Remember to speak about the belief that challenged you in a nuanced way — most competitive applicants share experiences in being challenged by new academic and ethical perspectives, so strive to leave the reader thinking, “I never thought about that or experienced that before.” The new idea or belief can range from a social issue you initially disagreed with, to views on daily habits and vices, and often times entertaining stories can be weaved around a challenging moment.


If using a narrative, focus on employing descriptive language and sensory detail to transport the reader into the moment, and center your narrative around the event that challenged your views. Follow up with an explanation of your reaction and change in perspective. This is a great opportunity to showcase your writing ability and intrigue your reader, but avoid overdoing it or making your story feel comedic. It might pay to use a twist introduction or hyperbole when expressing your revelation, but still avoid aggrandizing excessively.


If you choose to write a description of your character, use vivid language to describe what you were like before and after exposure to the unique perspective on which you’re writing. Then, explain what this perspective was and how you changed. For example, you may have once been rather timid but are now bold and venturous, which you can elaborate on before describing the new belief that challenged you to the core and caused this change in personality. It’s a gamble that may confuse the reader, but can also make for a very interesting and enjoyable read.


Describe something outside of your intended academic focus…


Describe something outside of your intended academic focus about which you are interested in learning.


This is a straightforward prompt, and the response can be equally straightforward. If you have some academic interest not related to your major, explain what that is, why it’s important to you, and how you will strive to learn more about it. It can be something you have no experience in so far and are interested in learning more. You want to avoid discussing an interest or topic that doesn’t expand upon your extracurriculars and activities — rather, talk about a hidden passion or growing field that you are dying to explore and learn more about.

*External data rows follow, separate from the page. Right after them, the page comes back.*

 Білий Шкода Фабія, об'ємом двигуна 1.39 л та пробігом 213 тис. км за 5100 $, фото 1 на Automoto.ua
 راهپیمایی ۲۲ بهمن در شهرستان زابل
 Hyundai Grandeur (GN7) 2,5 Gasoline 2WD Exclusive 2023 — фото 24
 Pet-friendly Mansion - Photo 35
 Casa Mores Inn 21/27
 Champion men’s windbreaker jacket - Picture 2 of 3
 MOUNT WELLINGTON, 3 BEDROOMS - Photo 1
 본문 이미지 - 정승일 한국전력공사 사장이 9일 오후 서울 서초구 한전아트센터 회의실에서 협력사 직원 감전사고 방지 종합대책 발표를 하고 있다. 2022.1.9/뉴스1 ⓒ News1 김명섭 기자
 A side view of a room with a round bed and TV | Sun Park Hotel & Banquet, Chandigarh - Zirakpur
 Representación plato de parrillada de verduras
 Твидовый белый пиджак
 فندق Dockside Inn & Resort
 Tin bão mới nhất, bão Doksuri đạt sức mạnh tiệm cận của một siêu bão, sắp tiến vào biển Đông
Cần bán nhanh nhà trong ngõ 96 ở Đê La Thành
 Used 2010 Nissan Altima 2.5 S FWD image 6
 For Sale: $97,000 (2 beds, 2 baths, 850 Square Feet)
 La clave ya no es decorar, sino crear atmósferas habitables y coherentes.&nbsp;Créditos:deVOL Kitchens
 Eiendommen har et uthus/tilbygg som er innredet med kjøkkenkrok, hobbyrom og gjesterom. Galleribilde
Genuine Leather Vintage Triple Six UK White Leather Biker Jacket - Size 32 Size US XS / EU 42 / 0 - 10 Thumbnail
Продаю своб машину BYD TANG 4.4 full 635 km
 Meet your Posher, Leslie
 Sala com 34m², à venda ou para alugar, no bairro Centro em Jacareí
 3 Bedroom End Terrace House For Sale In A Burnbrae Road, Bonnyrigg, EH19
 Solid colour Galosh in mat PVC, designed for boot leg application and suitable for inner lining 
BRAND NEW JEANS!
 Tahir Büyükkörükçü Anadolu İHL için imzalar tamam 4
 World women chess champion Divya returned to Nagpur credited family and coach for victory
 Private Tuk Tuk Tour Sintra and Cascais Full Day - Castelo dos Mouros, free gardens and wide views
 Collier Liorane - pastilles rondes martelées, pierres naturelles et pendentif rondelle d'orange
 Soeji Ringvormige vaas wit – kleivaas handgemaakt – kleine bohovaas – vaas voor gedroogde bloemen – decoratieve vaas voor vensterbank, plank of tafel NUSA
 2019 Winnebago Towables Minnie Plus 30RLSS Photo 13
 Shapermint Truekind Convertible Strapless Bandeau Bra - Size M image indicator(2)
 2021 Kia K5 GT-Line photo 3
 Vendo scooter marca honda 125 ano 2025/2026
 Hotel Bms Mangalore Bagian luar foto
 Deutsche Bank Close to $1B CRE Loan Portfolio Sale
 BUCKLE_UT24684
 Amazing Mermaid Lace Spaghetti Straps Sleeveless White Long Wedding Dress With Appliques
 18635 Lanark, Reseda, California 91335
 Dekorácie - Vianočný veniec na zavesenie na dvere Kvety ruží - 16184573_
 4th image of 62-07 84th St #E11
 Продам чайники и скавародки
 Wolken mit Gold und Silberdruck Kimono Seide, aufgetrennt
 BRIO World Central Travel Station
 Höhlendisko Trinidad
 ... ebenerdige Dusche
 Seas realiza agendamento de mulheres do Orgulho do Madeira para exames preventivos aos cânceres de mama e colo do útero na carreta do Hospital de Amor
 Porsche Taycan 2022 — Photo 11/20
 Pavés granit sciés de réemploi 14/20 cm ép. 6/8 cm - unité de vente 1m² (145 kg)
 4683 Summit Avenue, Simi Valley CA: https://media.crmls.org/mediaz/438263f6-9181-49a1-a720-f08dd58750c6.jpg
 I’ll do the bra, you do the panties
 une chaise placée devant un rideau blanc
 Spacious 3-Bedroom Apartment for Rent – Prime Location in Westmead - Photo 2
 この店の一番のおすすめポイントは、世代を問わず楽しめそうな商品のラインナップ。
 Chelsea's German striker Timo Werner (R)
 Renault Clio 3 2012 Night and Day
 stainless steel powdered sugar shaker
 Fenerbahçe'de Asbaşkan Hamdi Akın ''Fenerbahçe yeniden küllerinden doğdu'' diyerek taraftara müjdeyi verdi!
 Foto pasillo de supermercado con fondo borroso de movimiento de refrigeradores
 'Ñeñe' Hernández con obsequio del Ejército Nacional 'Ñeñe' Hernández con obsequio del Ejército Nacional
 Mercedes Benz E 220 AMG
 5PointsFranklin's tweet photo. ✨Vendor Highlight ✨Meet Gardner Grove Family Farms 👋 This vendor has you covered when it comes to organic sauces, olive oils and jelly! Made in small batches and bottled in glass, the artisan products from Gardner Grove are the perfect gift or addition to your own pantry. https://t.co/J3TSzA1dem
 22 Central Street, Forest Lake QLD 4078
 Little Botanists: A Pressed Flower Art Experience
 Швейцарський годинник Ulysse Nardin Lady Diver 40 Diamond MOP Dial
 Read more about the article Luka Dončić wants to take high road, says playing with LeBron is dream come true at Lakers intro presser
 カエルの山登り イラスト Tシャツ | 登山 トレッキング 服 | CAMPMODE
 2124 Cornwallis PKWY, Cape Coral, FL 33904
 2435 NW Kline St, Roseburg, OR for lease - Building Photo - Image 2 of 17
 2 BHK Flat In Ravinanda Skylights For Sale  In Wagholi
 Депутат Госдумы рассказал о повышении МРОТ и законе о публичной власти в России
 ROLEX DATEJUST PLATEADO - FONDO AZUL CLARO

An alternate approach is to employ an anecdote to describe this interest. For example, you can talk about how you’ve wanted to master chess after hearing about computer AI that beat the world’s best chess player, or how you play the flute but know nothing about music theory and would like to learn more regardless of your intended degree in mechanical engineering. Maybe you are passionate about tying knots after being an eagle scout, and would like to expand your knowledge of knots and start a club at USC. There are few clichés — what you choose to write about will most likely be unique to your interests, so don’t feel limited in terms of what you choose to reveal.


What is something about yourself that is essential…


What is something about yourself that is essential to understanding you?


This prompt’s theme is similar to that of the first Common Application essay prompt: “Some students have a background, identity, interest or talent that is so meaningful, they believe their application would be incomplete without it. If this sounds like you, then please share your story.” If you wrote an essay for that prompt, it may be wise to select one of the other two options, unless you have something important and lengthy to write about here that is not otherwise discussed in your Common Application essay.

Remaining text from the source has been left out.